On February 1, 2016, the Central Government notified amendments to the Employees’ Provident Funds Scheme. These changes will take effect from May 1, 2016, and may be summarised as follows:
(a) members (i.e. employees) of the Provident Fund were earlier allowed to withdraw their full Provident Fund accumulations at the time of retirement after attaining the age of 55. Following the amendment, the age qualification has been raised to 58;
(b) members of the Provident Fund were earlier permitted to withdraw up to 90% of their Provident Fund accumulations upon attaining the age of 54 years or 1 year before their actual retirement, whichever is later.
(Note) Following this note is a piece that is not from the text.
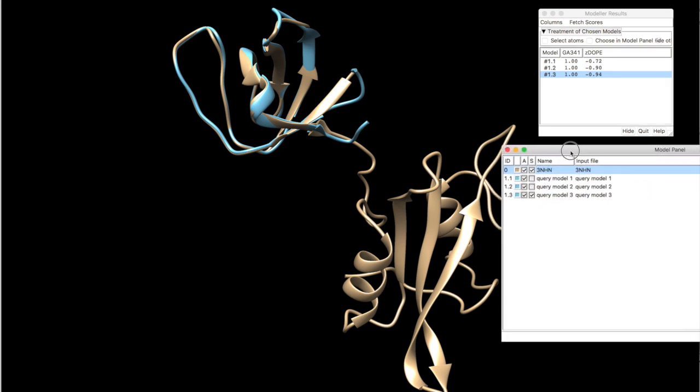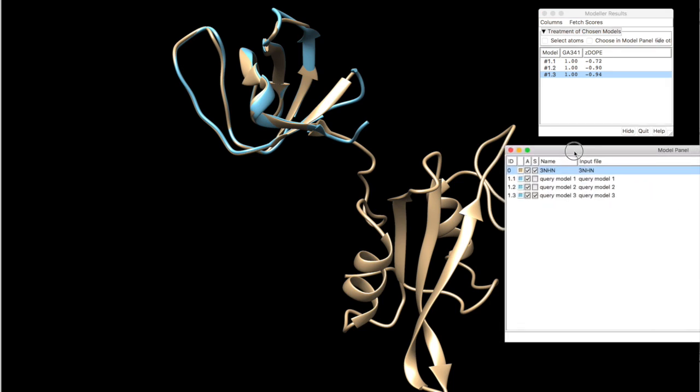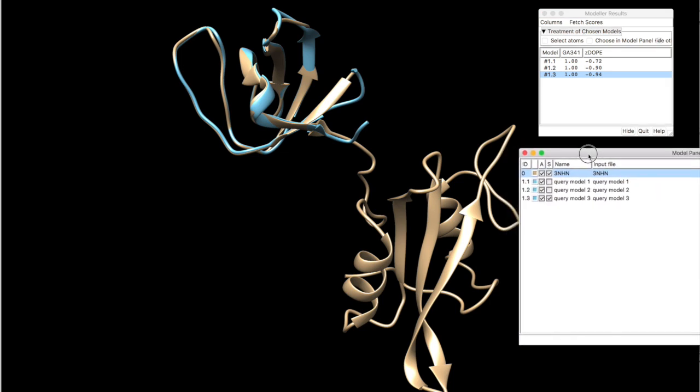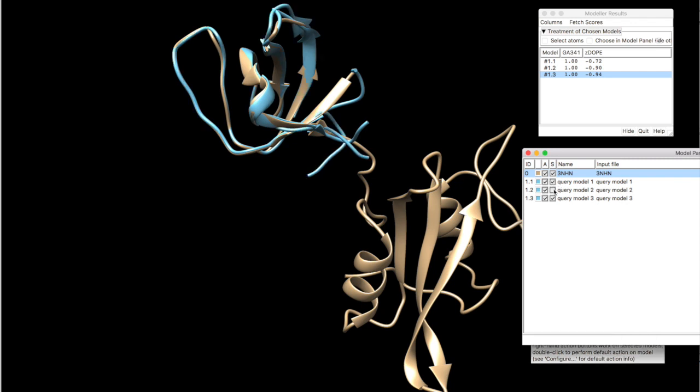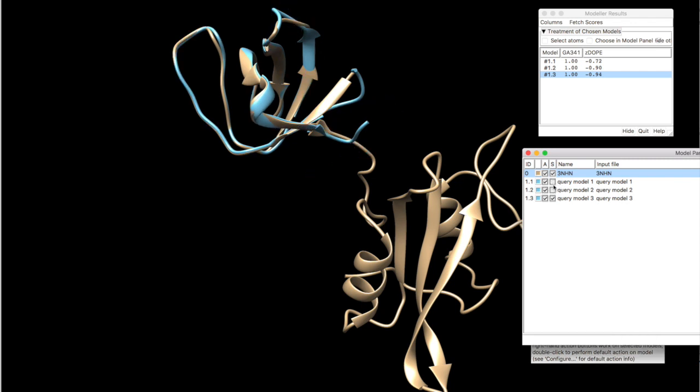Now, you will see that in your model panel window, the models have appeared here. And you can basically see all of them at the same time. You can color them.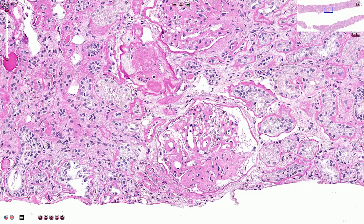Here we have the glomerular capillaries. This is the lumen of the capillary and this is the glomerular filtration barrier, which is responsible for blood filtration and primary urine formation.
Following the amendment, this age limit has been increased to 57;
(c) an employee could, after 2 months following the cessation of his/her employment, make a full withdrawal of all Provident Fund accumulations. Following the amendment, the employee will only be allowed to withdraw an amount equal to such employee’s contribution to the Provident Fund plus applicable interest. However, this change will not be applicable in the case of female employees who resign from employment for the reason of marriage, pregnancy or childbirth;
(d) the employee referred to in paragraph (c) above could re-register with the Employees Provident Fund Organization as a “new member” upon taking a new employment. Following the amendment, such employee will not be permitted to open a new Provident Fund account, but continue his/her existing account;
(e) the provisions of the paragraphs above will also be applicable to foreign workers who belong to a country with which India does not have a Social Security Agreement. However, in the case of foreign workers who belong to a country with which India has a Social Security Agreement, the old provisions will continue; and
(f) employees who were migrating outside India or taking up employment abroad could withdraw their full Provident Fund accumulations prior to leaving India. Following the amendment, this provision has been omitted.